Yes, she was a freak. Twirling in the hall, wearing a cloak no hard-core
Star Wars
fan would even wear in public, ignoring all the snide comments people made. And she’d turn on you quickly, morphing into a witch without warning, claws out, ready to take down anyone. Brutally mean one minute, sincerely sweet the next; it was obvious Tricia was psycho. But was she truly psychotic, or was it an act to keep Dellian off her back?

Was “psychotic psycho” the way to handle him? Would he leave me alone if I were erratic and unpredictable like Tricia? Tempting, I thought, as I boarded my unusually crowded bus. But I wasn’t capable of psychotic behavior, not in front of Jonathan, or anyone really.
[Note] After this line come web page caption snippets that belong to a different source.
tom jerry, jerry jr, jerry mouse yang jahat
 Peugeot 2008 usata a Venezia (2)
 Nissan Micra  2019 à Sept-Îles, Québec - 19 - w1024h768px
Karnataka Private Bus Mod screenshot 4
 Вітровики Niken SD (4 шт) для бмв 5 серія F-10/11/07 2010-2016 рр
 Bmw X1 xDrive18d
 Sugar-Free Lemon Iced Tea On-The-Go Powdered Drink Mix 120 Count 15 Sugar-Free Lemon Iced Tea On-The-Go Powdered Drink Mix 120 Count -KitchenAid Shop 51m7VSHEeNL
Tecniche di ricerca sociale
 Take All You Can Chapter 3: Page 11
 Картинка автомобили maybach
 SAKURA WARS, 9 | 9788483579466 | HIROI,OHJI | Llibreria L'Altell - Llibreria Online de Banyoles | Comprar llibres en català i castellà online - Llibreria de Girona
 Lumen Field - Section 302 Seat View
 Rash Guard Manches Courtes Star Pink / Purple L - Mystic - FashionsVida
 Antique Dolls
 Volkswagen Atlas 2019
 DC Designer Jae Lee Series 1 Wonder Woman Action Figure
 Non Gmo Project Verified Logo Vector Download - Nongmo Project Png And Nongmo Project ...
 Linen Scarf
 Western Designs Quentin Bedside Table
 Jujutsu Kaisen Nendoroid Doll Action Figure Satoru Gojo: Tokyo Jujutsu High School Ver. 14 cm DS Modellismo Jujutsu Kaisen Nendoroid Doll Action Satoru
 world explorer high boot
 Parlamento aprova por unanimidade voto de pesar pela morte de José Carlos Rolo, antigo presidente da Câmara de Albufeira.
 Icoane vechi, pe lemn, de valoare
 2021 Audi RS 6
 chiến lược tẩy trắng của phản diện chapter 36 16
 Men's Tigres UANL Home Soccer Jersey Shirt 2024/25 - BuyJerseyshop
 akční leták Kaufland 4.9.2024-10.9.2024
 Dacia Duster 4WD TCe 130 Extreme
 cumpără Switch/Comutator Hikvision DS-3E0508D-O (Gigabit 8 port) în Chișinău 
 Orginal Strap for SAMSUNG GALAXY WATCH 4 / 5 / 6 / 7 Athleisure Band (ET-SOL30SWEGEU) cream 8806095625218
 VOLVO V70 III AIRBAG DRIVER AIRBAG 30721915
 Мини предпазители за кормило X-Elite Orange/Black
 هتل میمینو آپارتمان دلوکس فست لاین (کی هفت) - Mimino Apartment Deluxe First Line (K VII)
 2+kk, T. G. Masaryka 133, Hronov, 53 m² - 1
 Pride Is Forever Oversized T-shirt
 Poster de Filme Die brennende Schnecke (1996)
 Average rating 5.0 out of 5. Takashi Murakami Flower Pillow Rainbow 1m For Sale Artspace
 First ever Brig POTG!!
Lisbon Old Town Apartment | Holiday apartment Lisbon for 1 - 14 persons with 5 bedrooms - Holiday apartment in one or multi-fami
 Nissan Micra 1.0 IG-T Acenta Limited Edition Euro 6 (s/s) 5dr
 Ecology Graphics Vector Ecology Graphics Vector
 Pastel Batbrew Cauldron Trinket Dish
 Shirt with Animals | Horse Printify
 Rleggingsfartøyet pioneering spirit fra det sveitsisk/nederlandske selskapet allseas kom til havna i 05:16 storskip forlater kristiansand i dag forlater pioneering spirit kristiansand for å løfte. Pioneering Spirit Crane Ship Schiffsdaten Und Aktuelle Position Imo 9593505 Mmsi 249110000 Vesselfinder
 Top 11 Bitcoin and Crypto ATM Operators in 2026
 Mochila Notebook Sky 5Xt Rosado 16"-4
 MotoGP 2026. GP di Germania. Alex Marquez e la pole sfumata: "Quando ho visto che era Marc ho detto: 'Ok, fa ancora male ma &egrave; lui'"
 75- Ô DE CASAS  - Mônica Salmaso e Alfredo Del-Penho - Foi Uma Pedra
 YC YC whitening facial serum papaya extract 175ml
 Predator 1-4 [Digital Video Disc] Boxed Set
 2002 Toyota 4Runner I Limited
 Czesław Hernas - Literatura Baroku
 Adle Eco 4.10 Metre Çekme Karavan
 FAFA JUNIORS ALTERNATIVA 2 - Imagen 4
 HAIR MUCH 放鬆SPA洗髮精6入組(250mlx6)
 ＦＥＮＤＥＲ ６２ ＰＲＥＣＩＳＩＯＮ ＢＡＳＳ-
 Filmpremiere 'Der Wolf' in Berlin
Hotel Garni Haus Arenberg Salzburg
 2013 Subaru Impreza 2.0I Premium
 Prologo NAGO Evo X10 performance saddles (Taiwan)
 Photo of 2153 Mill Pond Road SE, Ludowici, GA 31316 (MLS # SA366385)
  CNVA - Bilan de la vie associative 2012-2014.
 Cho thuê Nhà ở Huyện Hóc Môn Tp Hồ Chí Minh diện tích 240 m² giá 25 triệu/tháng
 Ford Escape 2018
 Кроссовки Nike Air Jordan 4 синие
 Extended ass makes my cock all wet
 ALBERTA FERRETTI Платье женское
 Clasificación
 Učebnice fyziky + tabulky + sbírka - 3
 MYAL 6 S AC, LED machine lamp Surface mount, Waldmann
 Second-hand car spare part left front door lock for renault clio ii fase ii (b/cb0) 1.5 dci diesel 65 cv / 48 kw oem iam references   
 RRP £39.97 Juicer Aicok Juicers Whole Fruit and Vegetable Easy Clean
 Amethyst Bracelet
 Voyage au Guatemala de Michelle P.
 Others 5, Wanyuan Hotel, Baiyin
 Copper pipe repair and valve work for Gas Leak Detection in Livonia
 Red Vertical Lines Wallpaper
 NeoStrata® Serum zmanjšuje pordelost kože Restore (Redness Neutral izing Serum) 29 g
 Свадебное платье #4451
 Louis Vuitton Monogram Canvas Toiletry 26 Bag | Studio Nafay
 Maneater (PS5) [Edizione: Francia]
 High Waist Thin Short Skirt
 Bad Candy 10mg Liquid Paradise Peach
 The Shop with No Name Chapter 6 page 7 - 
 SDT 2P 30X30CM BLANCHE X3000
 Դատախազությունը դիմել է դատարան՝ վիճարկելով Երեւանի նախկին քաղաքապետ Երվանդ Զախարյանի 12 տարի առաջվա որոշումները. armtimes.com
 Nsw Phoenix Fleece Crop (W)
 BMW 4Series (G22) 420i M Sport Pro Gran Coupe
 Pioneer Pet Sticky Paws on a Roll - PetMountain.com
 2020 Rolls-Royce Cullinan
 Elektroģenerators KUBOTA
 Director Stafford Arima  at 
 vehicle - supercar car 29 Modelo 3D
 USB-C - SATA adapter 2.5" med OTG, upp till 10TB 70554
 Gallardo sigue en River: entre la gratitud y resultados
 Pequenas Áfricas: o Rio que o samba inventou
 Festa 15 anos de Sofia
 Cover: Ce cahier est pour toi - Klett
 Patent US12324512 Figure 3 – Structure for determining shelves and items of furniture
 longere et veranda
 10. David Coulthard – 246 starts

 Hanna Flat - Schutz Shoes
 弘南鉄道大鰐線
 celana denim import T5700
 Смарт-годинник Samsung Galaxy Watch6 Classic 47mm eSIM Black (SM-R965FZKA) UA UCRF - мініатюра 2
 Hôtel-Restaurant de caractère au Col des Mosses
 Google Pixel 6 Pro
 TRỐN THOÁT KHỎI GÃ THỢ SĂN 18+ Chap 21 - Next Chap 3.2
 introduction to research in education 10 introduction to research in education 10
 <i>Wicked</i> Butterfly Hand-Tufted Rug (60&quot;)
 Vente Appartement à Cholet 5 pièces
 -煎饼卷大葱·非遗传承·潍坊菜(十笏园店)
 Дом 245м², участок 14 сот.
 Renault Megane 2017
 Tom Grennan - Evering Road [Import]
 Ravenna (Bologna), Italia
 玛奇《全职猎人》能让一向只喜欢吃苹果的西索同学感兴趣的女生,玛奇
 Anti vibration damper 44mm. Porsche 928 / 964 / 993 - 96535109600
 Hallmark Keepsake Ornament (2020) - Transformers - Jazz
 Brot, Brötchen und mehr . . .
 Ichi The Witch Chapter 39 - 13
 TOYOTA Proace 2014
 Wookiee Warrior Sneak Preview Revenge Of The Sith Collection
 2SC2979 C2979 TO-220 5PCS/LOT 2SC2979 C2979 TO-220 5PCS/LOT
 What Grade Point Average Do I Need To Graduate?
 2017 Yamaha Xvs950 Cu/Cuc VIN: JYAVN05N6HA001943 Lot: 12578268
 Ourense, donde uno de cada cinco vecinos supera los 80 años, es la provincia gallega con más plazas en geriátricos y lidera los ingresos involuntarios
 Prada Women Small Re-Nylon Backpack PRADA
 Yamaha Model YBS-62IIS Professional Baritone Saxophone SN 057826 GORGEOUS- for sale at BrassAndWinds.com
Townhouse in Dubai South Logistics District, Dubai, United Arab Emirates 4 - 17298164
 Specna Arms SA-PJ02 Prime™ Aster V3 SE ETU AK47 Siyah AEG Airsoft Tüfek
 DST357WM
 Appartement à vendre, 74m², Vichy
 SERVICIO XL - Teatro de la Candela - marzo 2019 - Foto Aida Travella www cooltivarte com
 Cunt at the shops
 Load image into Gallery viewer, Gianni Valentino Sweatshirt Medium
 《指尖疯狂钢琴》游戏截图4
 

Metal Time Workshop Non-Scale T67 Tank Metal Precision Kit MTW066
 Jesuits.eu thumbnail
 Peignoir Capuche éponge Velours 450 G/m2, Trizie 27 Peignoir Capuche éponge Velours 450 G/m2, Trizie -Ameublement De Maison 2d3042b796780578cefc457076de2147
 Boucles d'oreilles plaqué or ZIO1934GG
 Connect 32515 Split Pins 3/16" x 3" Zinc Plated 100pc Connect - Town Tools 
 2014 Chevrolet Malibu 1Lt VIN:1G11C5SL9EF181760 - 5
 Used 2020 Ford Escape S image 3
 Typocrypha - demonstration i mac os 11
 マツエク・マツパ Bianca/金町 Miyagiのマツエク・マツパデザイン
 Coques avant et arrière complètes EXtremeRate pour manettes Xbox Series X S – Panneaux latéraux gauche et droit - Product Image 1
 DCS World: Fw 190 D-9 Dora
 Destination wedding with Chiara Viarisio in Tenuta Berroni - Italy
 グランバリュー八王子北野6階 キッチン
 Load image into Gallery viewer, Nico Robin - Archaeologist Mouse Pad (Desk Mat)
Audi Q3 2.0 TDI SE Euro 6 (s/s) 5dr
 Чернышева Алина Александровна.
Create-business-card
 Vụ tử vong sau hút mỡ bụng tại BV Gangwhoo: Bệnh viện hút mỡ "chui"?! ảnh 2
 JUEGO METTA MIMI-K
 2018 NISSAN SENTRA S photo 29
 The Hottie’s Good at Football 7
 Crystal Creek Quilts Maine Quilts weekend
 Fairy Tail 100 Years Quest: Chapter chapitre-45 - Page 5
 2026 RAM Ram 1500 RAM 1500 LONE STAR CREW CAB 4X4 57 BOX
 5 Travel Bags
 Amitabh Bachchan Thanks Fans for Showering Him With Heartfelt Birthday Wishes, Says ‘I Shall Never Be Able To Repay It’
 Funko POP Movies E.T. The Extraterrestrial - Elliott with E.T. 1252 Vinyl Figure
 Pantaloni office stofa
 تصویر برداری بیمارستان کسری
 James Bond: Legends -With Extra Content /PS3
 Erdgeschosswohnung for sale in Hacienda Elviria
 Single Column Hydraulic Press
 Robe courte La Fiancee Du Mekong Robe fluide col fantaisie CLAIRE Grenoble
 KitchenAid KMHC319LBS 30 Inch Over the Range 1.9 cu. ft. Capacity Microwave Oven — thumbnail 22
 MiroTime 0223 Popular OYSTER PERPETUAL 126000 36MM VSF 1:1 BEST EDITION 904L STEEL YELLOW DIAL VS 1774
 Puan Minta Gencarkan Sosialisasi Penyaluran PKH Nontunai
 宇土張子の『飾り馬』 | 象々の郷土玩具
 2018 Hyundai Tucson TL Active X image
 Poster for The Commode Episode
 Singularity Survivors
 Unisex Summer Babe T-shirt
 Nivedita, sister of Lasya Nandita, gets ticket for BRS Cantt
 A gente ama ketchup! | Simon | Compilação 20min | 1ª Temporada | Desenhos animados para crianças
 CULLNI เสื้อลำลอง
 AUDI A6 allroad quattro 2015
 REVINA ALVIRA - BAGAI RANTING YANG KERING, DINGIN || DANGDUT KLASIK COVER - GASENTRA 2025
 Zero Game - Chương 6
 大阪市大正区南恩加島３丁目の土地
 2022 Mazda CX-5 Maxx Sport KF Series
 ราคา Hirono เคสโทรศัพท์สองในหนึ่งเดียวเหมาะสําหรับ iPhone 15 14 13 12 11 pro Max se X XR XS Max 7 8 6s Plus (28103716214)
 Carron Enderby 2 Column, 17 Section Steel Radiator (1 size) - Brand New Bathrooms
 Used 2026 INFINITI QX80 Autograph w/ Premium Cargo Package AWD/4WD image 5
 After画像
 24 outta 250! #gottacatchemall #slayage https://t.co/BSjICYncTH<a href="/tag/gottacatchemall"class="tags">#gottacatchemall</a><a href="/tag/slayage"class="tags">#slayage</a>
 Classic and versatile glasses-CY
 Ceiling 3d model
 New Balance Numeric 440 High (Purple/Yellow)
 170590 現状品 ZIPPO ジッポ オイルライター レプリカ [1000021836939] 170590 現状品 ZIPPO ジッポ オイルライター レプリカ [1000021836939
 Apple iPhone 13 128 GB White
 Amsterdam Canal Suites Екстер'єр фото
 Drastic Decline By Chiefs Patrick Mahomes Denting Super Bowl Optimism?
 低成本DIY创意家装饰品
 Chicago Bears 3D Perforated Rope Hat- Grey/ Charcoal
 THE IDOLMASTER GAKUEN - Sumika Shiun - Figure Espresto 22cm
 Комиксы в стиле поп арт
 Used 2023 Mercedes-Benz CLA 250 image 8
The bus pulled through the school parking lot and into the left-turn lane, bringing me out of my thoughts. We were headed out of town.
Crap,
I thought, standing up. “Driver? I’m sorry. I got on the wrong bus.” I couldn’t see the bus numbers on the side, but my bus was always parked in the second slot. I’d just assumed it was mine, without checking with the driver.

We lurched to a stop and I hurried past the other students, ignoring their dirty looks and “What are you, in kindergarten?” comments. My bus was long gone by now; I trudged toward the city bus stop—embarrassed and humiliated. The familiar burning at my ears brought me right back to Dellian.